Even worse, what the bus the visitor wants to take comes to the stop before he/she has figured out whether it’s the right bus? Often, bus operators don’t have time to give directions, so its entirely possible that the visitor misses his or her bus.
Here’s a simple way to gauge how easy-to-understand a bus route is: Can you describe the route verbally? A good example of this in LA would be:
Q: Where does the #20 bus go?
A: It goes on Wilshire. From Westwood to Downtown.
Obviously, not every bus route can stick to one street. But they can stay relatively simple.
What would happen if we apply this test to the DASH bus?
Q: Where does the DASH D go?
A: It goes up Olive to 12h, right on 12th, left on Hill, then right on Olympic, up Main, right on First, then to Union Station.
The worst offender of the DASH B, which meanders through Chinatown in order to serve the Chinatown Gold Line station and the commercial district on Broadway at the same time. I suspect that on this part of the route, the DASH B is not competitive with brisk walking.
These winding routes aren’t just confusing, they also slow the bus down. In addition to simply having more distance to cover, turns add delays to the route. A simple rule of thumb is that a right turn takes 3 times as much time as going straight through an intersection. A left turn takes 5 times as much time.
The only crystal-clear Downtown route is the DASH F, which could be described as more or less running down Figueroa, and then looping around the USC campus.

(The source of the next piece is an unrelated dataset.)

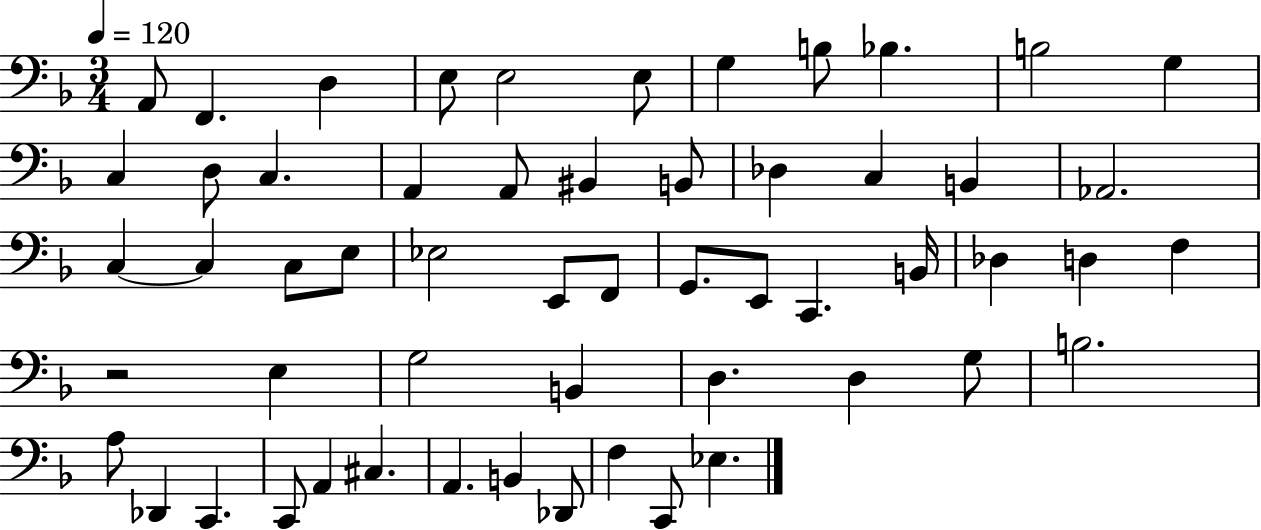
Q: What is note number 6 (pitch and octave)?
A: E3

An example of highly legible downtown circulator routes can be found in Santa Barbara. These are small-ish trolley-shaped buses that serve a largely tourist clientele. It’s a smaller city than Los Angeles, but the comparison works.
Excluding turn-around loops, the two routes could be described as:
- State Street
- Cabrillo Highway
It could not be simpler.
How could this apply to the DASH shuttles? Instead of meandering through Chinatown, a bus could simply run up and down Broadway or Spring Street.
Or a single DASH shuttle that served 7th Street all the way across downtown could be easily memorable, even to tourists and new transit riders.
Instead of simplifying the current system, the powers that be have decided to spend $270 million on the downtown streetcar project to serve local trips between downtown points. The streetcar is projected to run every 7 minutes during peak period, every 10 minutes midday, and every 15 minutes at night, and will, generally, act as a local circulator.
For far less money, a studied restructure of DASH routes and an investment in individual route branding could create a far better improvement to Downtown circulation. Perhaps, DASH buses could be painted in a different color for each route and wrapped with unmistakeable route information.
Imagine a green bus with “LOS ANGELES ST. DASH” and “UNION STATION ↔ FASHION DISTRICT” in large print emblazoned on all sides of the vehicle, along with a simple stick map.
Our hypothetical visitor would be able to figure where that bus is going, very quickly.